The coordination chemistry of Rh(III) porphyrin was outlined by Sadasivan and Fleischer in 1967.199,200 Their Rh(III) porphyrin, obtained by a metallation reaction using [Rh(CO)2Cl]2 and aerial oxidation, was believed to coordinate a labile water molecule which could be displaced by pyridine. A coordinated chloride counterion could be exchanged for azide, cyanide or hydroxide. Work by other groups has demonstrated that six coordinate Rh(III) porphyrins with two identical axial ligands may be generated by reaction of Rh(III)Cl porphyrins (OEP, TPP) with Ag+ to remove the chloride anion, followed by treatment with ligands such as BuNC, PPh2Me and POMe3.201,290 Reaction of Rh(III)Cl porphyrins with organolithium reagents232 or metal carbonylate anions202 afforded organometallic and metal-metal bonded derivatives respectively. The [(OEP)Rh]+ intermediate formed by treatment of (OEP)RhCl with AgBF4 was found to be active in electrophilic aromatic substitution reactions to afford s-bonded Rh aryl porphyrins.203,204 Reduction of (OEP)RhCl with NaBH4, followed by protonation yields air sensitive (OEP)RhH which on oxidation is converted to a metal-metal bonded Rh(II) dimer.107 These reduced derivatives have been shown to undergo unusual reactions such as CH activation,205,206 but this is outside the scope of this introduction. A summary of the reactions of Rh(III) porphyrins is given in scheme 2.1.

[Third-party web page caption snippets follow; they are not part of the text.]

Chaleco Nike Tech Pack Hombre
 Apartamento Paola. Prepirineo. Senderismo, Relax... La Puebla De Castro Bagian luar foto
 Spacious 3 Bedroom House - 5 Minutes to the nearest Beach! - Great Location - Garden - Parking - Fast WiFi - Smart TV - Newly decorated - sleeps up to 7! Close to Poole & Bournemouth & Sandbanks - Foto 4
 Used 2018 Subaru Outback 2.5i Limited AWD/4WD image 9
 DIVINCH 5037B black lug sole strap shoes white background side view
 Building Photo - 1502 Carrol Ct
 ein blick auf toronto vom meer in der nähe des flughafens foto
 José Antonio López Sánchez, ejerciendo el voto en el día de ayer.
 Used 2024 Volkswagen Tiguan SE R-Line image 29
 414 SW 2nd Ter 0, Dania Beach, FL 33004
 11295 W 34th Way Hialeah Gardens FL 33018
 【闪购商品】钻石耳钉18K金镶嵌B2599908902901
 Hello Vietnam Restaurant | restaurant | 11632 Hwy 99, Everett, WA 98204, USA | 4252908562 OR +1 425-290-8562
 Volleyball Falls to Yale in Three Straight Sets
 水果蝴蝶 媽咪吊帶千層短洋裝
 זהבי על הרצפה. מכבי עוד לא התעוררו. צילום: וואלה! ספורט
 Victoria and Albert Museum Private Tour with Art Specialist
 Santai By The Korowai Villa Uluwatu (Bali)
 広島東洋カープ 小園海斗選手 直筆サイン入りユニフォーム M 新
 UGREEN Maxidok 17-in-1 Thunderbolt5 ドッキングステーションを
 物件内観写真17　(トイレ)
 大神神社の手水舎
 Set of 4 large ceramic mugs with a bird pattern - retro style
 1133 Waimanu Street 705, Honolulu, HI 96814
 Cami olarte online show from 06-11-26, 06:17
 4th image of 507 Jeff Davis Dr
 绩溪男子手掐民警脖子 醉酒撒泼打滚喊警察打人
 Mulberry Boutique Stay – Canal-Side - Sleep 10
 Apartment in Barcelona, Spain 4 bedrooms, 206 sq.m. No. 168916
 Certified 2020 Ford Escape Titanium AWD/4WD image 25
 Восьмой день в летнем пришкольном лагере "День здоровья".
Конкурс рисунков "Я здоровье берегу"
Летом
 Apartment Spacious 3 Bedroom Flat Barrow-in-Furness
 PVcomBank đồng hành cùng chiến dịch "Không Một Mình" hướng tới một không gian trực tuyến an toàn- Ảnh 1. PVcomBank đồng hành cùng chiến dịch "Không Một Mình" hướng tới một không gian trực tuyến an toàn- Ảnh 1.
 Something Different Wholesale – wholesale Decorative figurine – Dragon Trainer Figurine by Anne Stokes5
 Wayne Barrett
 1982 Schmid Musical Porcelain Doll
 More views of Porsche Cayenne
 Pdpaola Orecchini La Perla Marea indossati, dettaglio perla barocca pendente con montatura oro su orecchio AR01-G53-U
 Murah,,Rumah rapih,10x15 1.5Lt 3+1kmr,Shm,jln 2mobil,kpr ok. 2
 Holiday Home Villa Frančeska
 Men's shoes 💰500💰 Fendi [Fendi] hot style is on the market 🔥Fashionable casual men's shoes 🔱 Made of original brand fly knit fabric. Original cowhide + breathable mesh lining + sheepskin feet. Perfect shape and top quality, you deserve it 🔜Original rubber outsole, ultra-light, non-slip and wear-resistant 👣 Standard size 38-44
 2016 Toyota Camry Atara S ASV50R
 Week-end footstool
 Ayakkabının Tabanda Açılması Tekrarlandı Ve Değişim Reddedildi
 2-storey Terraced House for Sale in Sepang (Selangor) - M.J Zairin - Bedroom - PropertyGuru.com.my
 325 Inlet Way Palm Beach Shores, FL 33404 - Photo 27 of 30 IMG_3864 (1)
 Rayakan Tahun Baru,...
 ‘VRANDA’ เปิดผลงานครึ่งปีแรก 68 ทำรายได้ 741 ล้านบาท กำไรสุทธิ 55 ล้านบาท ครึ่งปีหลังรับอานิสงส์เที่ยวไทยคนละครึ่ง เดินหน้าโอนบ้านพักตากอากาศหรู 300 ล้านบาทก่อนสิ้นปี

A variety of other synthetically useful transformations have been found to be catalysed by Rh(III) porphyrins. These include cyclopropanation,207-213 enolization,214 olefin oxygenation,215 and borohydride reduction.216,217 The reader is referred to the literature for a discussion of the mechanistic aspects of catalysis, as catalytic applications are not the focus of this thesis.
Reports of structures containing multiple Rh porphyrins are comparatively scarce and are confined to several covalently linked dimers218,219 and the structures already described in chapter 1.101,107,122, 220
Supramolecular applications of Rh(III) porphyrins have been explored by Aoyama and Ogoshi. These workers have reported bifunctional receptors for amino acids and esters which combine coordination of the amine moiety to the Rh centre with hydrogen bonding between hydroxyl groups on the porphyrin periphery and the ester or acid group.221-223 Binding of amino acids to Rh(III)Cl porphyrins was sufficiently strong to be effectively irreversible, however organometallic derivatives (figure 2.1) bound amino acids reversibly. Binding of nucleobases was also studied.224,225
The use of Rh(III) porphyrin as a coating on quartz crystal microbalances for sensing the volatile products of food spoilage has been investigated.226,227 Such microbalances were found to be sensitive to amines and sulfur compounds, although there were some inconsistencies in the results. From this evidence alone it is not possible to determine whether axial coordination of the analyte to the porphyrin was responsible for the sensor response.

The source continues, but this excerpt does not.